Why do pyro.sample statements in guide but not in model break inference?

samlaf · September 8, 2020, 8:58pm

What tutorial are you running? SVI Part I: An Introduction to Stochastic Variational Inference in Pyro — Pyro Tutorials 1.8.4 documentation
What version of Pyro are you using? 1.4.0

Going through the SVI tutorial, I wanted to turn the guide into a posterior sampler, so added sampling statements there. I realized that by adding a random pyro.sample statement in the guide can completely break inference (it doesn’t converge anymore).

def guide(data):
    alpha_q = pyro.param("alpha_q", torch.tensor(15.0),
                         constraint=constraints.positive)
    beta_q = pyro.param("beta_q", torch.tensor(15.0),
                        constraint=constraints.positive)
    pyro.sample("latent_fairness", dist.Beta(alpha_q, beta_q))
   # Adding this statement breaks inference
   pyro.sample('foo', dist.Bernoulli(0.5))

Why is this?

eb8680_2 · September 9, 2020, 5:56pm

You can think of nuisance variables like foo as equivalent to adding independent noise to your elbo:

loss = compute_elbo(model, guide, data) + torch.rand().log()

Depending on the type of random variable and the gradient estimator used by the ELBO implementation, this may or may not affect gradients of the loss. At any rate, as you can imagine, there’s no good reason to include nuisance variables like this.

What were you trying to accomplish? If you can provide additional context about your goal we can probably point you in the right direction.

samlaf · September 10, 2020, 5:32am

Thank you!!
That still doesn’t make a whole lot of sense to me, but I’m sure as I continue reading through the tutorials I will understand better what you mean.

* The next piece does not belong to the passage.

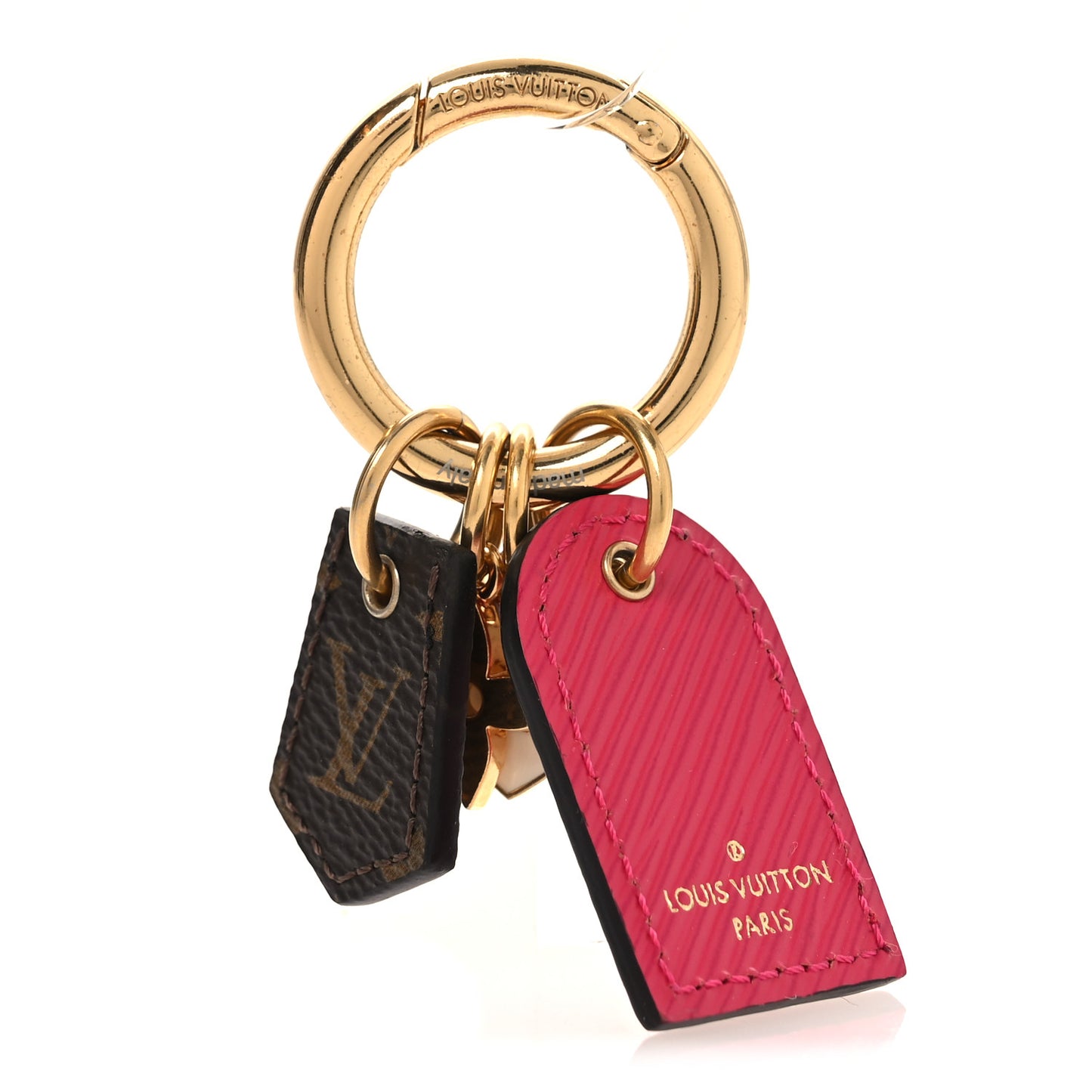 Monogram Fetish Lug Tag Bag Charm Fuschia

I was just trying to have my guide also return samples (the same way the model does), so that I could use it for posterior sampling. I’ve found 3 “good” ways to do this so far:

use torch.sample instead of pyro.sample
make a separate posterior_sampling function which uses the pyro.param parameters (as opposed to the prior parameters used in the model)
Apparently pyro.infer.predictive is made exactly for this, but I still haven’t figured out how it works.

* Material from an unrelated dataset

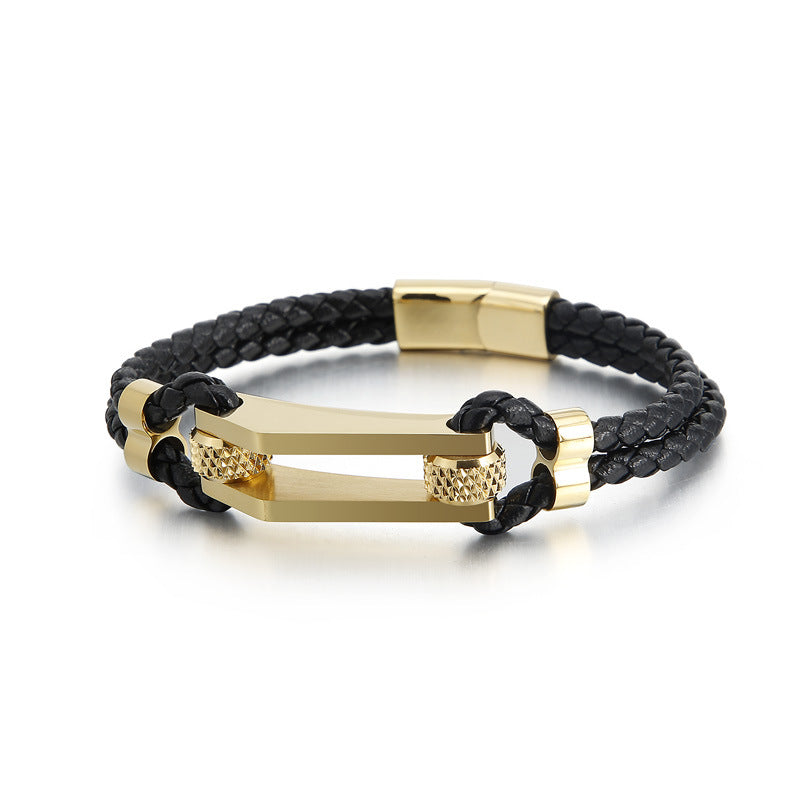 Stainless steel bracelet with double leather braid – titanium steel accents for urban style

eb8680_2 · September 11, 2020, 1:55am

Can you clarify what you mean by posterior sampling, and perhaps provide some code for your model and guide? Do you mean sampling from the posterior distribution over latent variables z ~ p(z | x) or the posterior predictive distribution over observed variables x’ ~ p(x’ | x) = sum_z p(x’ | z) * p(z | x)?

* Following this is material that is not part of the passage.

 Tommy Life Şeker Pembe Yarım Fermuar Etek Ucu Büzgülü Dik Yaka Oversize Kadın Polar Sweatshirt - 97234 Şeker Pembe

samlaf · September 11, 2020, 3:29am

Sorry for not being clear… I’m getting used to this language.
I meant posterior prediction distribution samples. Here’s the code I was trying to run at first.

def model(data):
    alpha0 = torch.tensor(10.0)
    beta0 = torch.tensor(10.0)
    f = pyro.sample("latent_fairness", dist.Beta(alpha0, beta0))
    samples = torch.zeros(len(data))
    for i in range(len(data)):
        samples[i] = pyro.sample("obs_{}".format(i), dist.Bernoulli(f), obs=data[i])
    return samples

def guide(data):
    alpha_q = pyro.param("alpha_q", torch.tensor(15.0),
                         constraint=constraints.positive)
    beta_q = pyro.param("beta_q", torch.tensor(15.0),
                        constraint=constraints.positive)
    f = pyro.sample("latent_fairness", dist.Beta(alpha_q, beta_q))
    samples = torch.zeros(len(data))
    for i in range(len(data)):
        samples[i] = pyro.sample("obs_{}".format(i), dist.Bernoulli(f))
    return samples

My original idea was: “if model returns samples when I call it, then guide should return posterior samples too”. But now I understand that guide is really only meant to be an inference on the hidden variables! So the “correct” way would be to return f and then use that elsewhere to generate posterior predictive distribution samples.